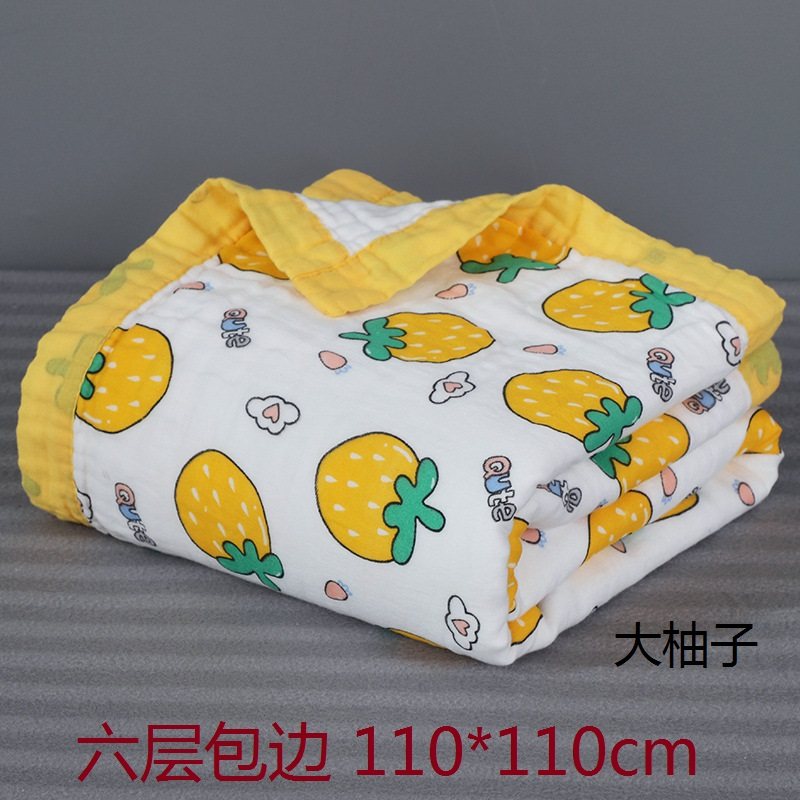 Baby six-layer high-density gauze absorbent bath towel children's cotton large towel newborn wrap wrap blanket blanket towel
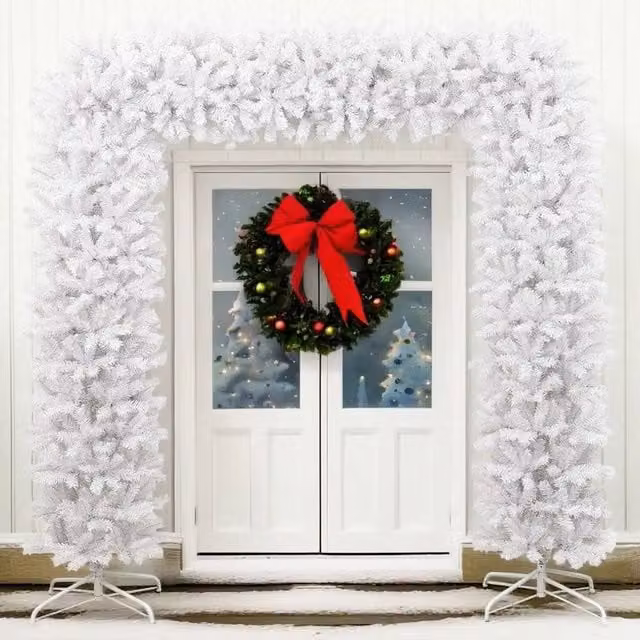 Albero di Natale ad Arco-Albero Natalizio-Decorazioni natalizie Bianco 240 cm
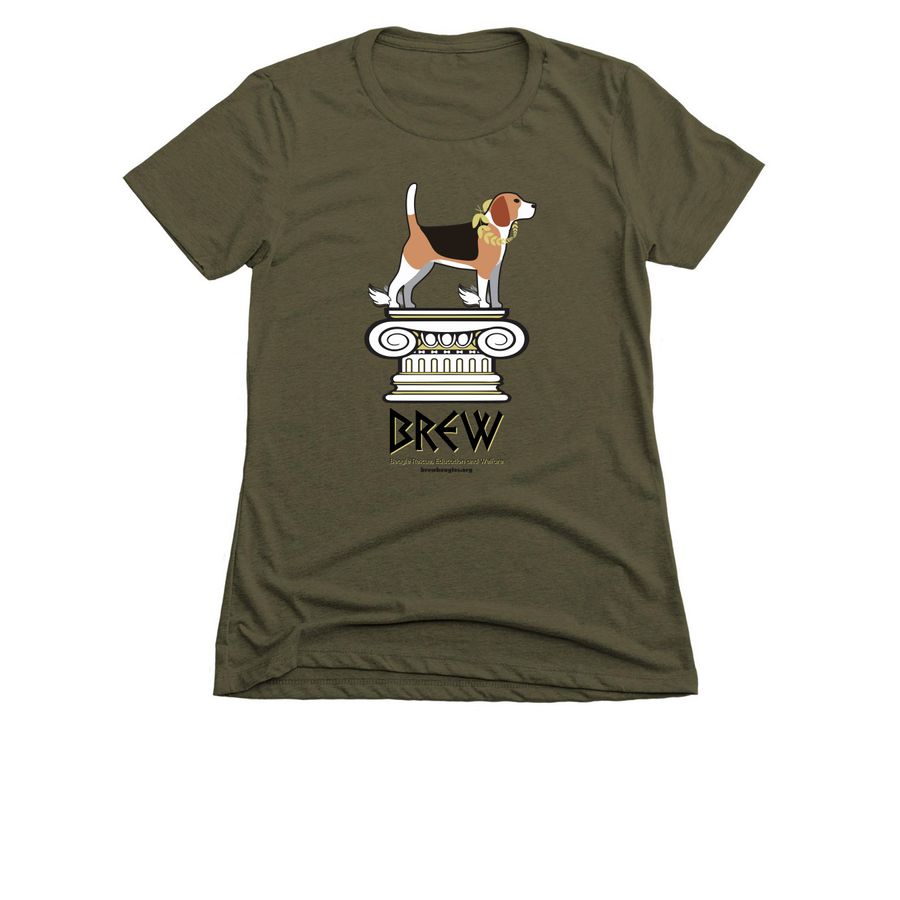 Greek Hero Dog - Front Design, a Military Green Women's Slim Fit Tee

---

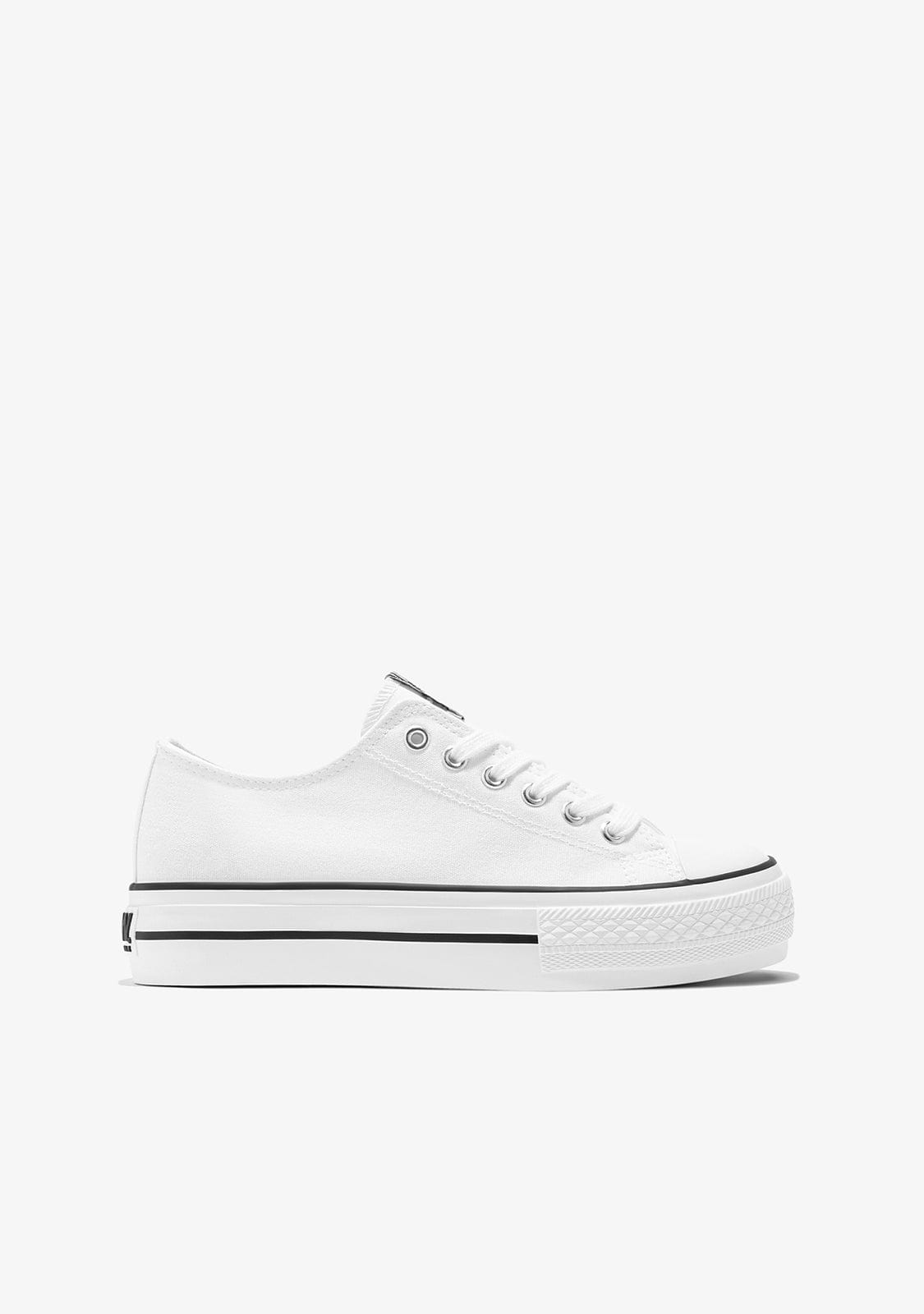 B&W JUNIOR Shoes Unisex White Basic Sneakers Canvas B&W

### TO DO
The lines to reproduce run from the one above containing "Albero di Natale" through the one containing "Greek Hero Dog". Copy them exactly and leave out all pictures.

### ANSWER BOX
 Albero di Natale ad Arco-Albero Natalizio-Decorazioni natalizie Bianco 240 cm
 Greek Hero Dog - Front Design, a Military Green Women's Slim Fit Tee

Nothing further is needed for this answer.